At its March monthly meeting, the Delaware River and Bay Authority (DRBA) Commission unanimously approved Resolution 11-09, which established an operating budget of $71,661,262 for the Delaware Memorial Bridge, the Cape May – Lewes Ferry, Food Services, Three Forts Ferry Crossing, Police and Administration. The Commissioners also authorized a budget of $6,155,407 to operate the Authority’s five regional airports in New Jersey and Delaware and $1,132,400 for other facilities operated by the agency. The Authority’s 2011 Operating Budget total of $78.9 million represents a zero percent increase compared to last year’s spending plan.

According to the Authority’s Chief Financial Officer Victor Ferzetti, the agency’s main focus is controlling costs while continuing to deliver high quality services to our customers.  “The operating budget maintains fiscal discipline while providing for the essential operation of our transportation facilities during these challenging economic times,” Ferzetti said.  “The agency has been aggressively working to control costs for quite some time and will continue to do so.”

Ferzetti noted that the budget eliminates sixteen (16) vacant positions.  Since 2002, the Authority has reduced its workforce through attrition and not funding vacant positions by more than 25%, or 156 positions.
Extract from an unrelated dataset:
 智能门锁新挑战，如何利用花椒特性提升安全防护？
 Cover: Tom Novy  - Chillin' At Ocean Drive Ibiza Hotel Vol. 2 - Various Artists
For the 2011 budget year, the Authority has authorized a total of 418 permanent full-time positions.

For 2011, total wages for the DRBA is approximately $27,993,000, an overall reduction of more than $700,000 compared to the 2010 budget figure.    The DRBA estimates it will pay $2.9 for vessel fuel in 2011, an increase of 9% compared to 2010.  The agency also anticipates that two Cape May – Lewes Ferry vessels will be dry-docked, up from one vessel in 2010, which will increase that budget line by $225,000.

The Authority also funded an additional 10% of its OPEB liability, or $1.34 million, compared to the 2010 spending plan. In 2011, the DRBA has budgeted $6.24 million, which represents 70% of the OPEB liability that will be funded over a seven year period. “The Governmental Accounting Standards Board (GASB) standard addresses how state and local governments should account for and report their costs and obligations related to post employment healthcare and other non-pension benefits, commonly referred to as OPEB,” Ferzetti said.  “While this GASB accounting rule does not require the funding of these future liabilities, the DRBA has developed a proactive and prudent financial plan to account for and fund our future obligations.”

In 2011, the DRBA is expected to generate about $100 million, excluding its Airport operations and Economic Development facilities, and will make debt service payments of approximately $22 million. More than 75 percent of the Authority’s revenues are derived from tolls paid at the Delaware Memorial Bridge.